What three things about you would surprise readers?

Believing I didn't want to preach to the choir, I tried to sell this story to ABA publishers. But the faith element was too strong. I've been a Christian since I was fourteen; it's the only way life makes any sense. And how can you have a happy ending - a really happy ending - without Jesus?

When bad things happen - say a dead car battery or illness - my confidence is shaken and I'm quick to ask "Why me?" Susannah had a series of disasters, her parents' deaths and being attacked in her home. And she didn't have the resources, a loving home life and faith in God, needed to recover. And like Susannah, I love dogs!

How has being published changed your life?

The unexpected change since signing a contract is I'm no longer anonymous! I didn't realize this until ACFW '10. How exciting to be a Thomas Nelson author!

What are you reading right now?

I just finished reading Lorna Seilstad's A Great Catch. It was the perfect read as the heroine is also struggling with managing her time.
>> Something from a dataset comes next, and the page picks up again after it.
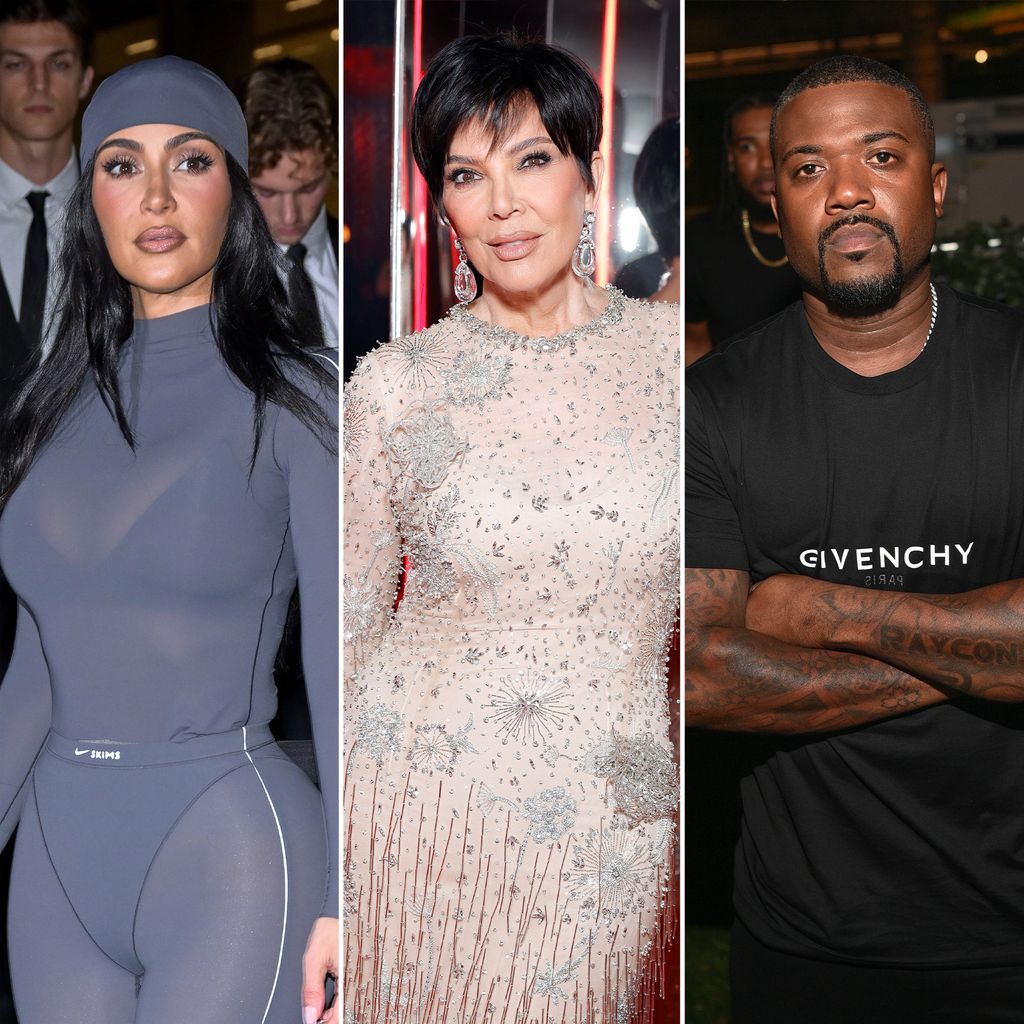 Kardashian and Jenner Sue Ray J Over Defamatory Claims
Lorna's delightful sense of humor shines through each page. And I just started Rosslyn Elliott's Fairer than Morning. Rosslyn's expertise in the setting and history have me time-traveling to 1823.
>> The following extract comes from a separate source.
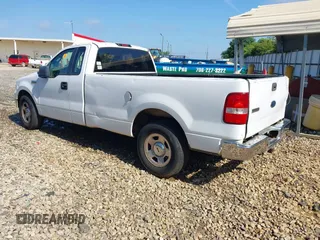 2005 Ford F-150 XL with VIN 1FTPF12555NA34148, listed as a IAAI auction lot 42479635 with Not provided miles and . Bid and sale history available at DreamBid. Image 3.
What is your current work in progress?

I turned in my second novel, Relying on Sophia, last week. Set on the Ponca agency in 1876, it shows the events leading up to the landmark civil rights case where an Indian was declared a person. This story shows how God's people worked together to change history. Like Susannah, Sophia is looking for a life of significance, a way to make a difference in this world.

Tell us about the book.

With no prospects for marriage and her parents recently deceased, Susannah Underhill agrees to go west to the Dakota territory to marry her minister’s homesteading brother, Jesse. But Susannah is painfully shy, doesn’t see herself as worthy of love from either a husband or from God, and lives in constant fear that Jesse is going to ship her back to Detroit.
In spite of her petite size and the fact that Susannah doesn’t look like she could survive on the prairie, Jesse quickly discovers that his new wife is a greater blessing than he even hoped for. The years she spent as her father’s veterinary assistant allow her to save Jesse’s ox and twin calves and to help neighboring farmers with their animals.
But Susannah’s feelings of unworthiness are deeply rooted, and she can’t believe that Jesse’s praise—or the tenderness and love he shows—could possibly last. The thawing of her heart seems almost as distant as Spring in the midst of the winter blanketing the Dakota prairie.

What do you want readers to take away from the book?

I hope readers will find hope in Spring for Susannah. Drawing closer to God helps brings a fulfilling sense of purpose and peace, something we all need. Thinking about Susannah, makes me thank God for my ancestors - their hard work and perseverance, and for all the inventors who have made our lives so much more comfortable!

What one question would you like us to ask your readers? (this is the one that they answer to win what you’re giving away)

How long have you been married? Are you still making discoveries about your spouse? Can you imagine being a mail order bride?

Please enter your name and email (ex: JaneDoe(at)aol(dot)com) for a drawing


Cathy said...

Thanks for letting me visit your blog! For readers in the Omaha area, I'm having a book release party June 25, from 1-3 pm at Walnut Grove Park, 152nd & Q Streets.
Y'all come! (I'm allowed to say that - I grew up in Virginia!)

Rebecca said...

Thank you so much for the chance to win this. This looks like an amazing book. I am not married yet but I cannot imagine being a mail order bride. Thanks again.

Rebecca H.

Pamela J said...

I will be married to the SAME man for 36 years when August 7 gets here this year. I hear from people all the time that is more and more a rarity. One reason I am still making discoveries about my husband is that he is learning and growing. (but then, so am I) Sometimes I say he is being unpredicatable but I think it is actually that we each learn and change from that learning. I probably would be ok as a mail order bride. I try to make the best of situations and if that is where I found myself, well, I'd give it a whirl. People who know me would expect me to call it "and adventure" and I'd not disappoint them by saying anything different.